Similar views on child labor can be found in an article by Olga Nieuwenhuys in the Annual Review of Anthropology 1996 called The Paradox of Child Labor and Anthropology. In her view, one should rather focus on the economic conditions that create child labor. In her review, she is also criticizing notions of childhood that may make sense in rich countries, but not in poor ones:

Illuminating the complexity of the work patterns of children in developing countries, recent anthropological research has begun to demonstrate the need to critically examine the relation between the condemnation of child labor on the one hand and children’s everyday work practice on the other.

The emerging paradox is that the moral condemnation of child labor assumes that children’s place in modern society must perforce be one of dependency and passivity. This denial of their capacity to legitimately act upon their environment by undertaking valuable work makes children altogether dependent upon entitlements guaranteed by the state. Yet we must question the state’s role—as the evidence on growing child poverty caused by cuts in social spending has illuminated—in carrying out its mission.

(…)

As a global solution to eliminate child labor, development experts are now proposing a standard based on the sanctity of the nuclear family on the one hand and the school on the other as the only legitimate spaces for growing up. If this becomes a universal standard, there is a danger of negating the worth of often precious mechanisms for survival, and penalizing or even criminalizing the ways the poor bring up their children. This criminalization is made more malevolent as modern economies increasingly display their unwillingness to protect poor children from the adverse effects of neoliberal trade policies.

(…)

The price of maintaining this order (of childhood institutions like school) is high, because it requires, among other commitments, money to support the institutions at the basis of the childhood ideal, such as free education, cheap housing, free health care, sport and recreation facilities, family welfare and support services, etc. Developing economies will unlikely be able to generate in the near future the social surplus that the maintenance of these institutions requires. As the neoliberal critique of the welfare state gains popularity, wealthy economies also become reluctant to continue shouldering childhood institutions.

Rethinking the paradoxical relation between neoliberal and global childhood ideology is one of the most promising areas for research, she writes:

Research should especially seek to uncover how the need of poor children to realize self-esteem through paid work impinges upon the moral condemnation of child labor as one of the fundamental principles of modernity. (…) The ways children devise to create and negotiate the value of their work and how they invade structures of constraint based on seniority are other promising areas of future anthropological research.
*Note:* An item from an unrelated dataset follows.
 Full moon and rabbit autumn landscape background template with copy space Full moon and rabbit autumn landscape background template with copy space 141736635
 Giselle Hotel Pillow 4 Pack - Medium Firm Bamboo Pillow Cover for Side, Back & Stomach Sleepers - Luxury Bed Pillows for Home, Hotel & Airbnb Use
This type of research is even more relevant in that it may not only enrich our knowledge of children’s agency but may prove seminal in understanding the process by which work acquires its meaning and is transformed into value.

Current child labor policies reinforce acccording to Olga Nieuwenhuys paradoxically children’s vulnerability to exploitation:

Irrespective of what children do and what they think of what they do, modern society sets children apart ideologically as a category of people excluded from the production of value. The dissociation of childhood from the performance of valued work is considered a yardstick of modernity, and a high incidence of child labor is considered a sign of underdevelopment. The problem with defining children’s roles in this way, however, is that it denies their agency in the creation and negotiation of value.
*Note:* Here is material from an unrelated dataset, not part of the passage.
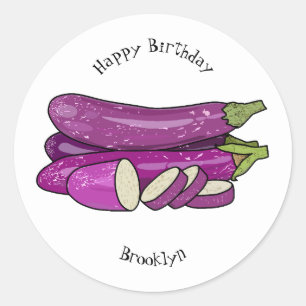 Eggplant Cartoon-Abbildung Runder Aufkleber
The whole paper is not accessible for people outside the academe (university account needed).

Available for everybody: The report by Norwegian anthropologist Tone Sommerfelt: Domestic Child Labour in Morocco. An analysis of the parties involved in relationships to “Petites Bonnes” (pdf). “Petites bonnes” (small maids) are young girls (here defined as under the age of 15 years) who perform various household tasks, and who live with their employers.

SEE ALSO:

“We want children to be their own ethnographers”

Ethnographic study: Why the education system fails white working-class children

(LINKS UPDATED 7.3.2023) There are many campaigns against child labour. But anthropologist Thomas Offit also views child labour as a chance for children to improve and take control of their lives. In an interview with The Lariat Online (Baylor University)…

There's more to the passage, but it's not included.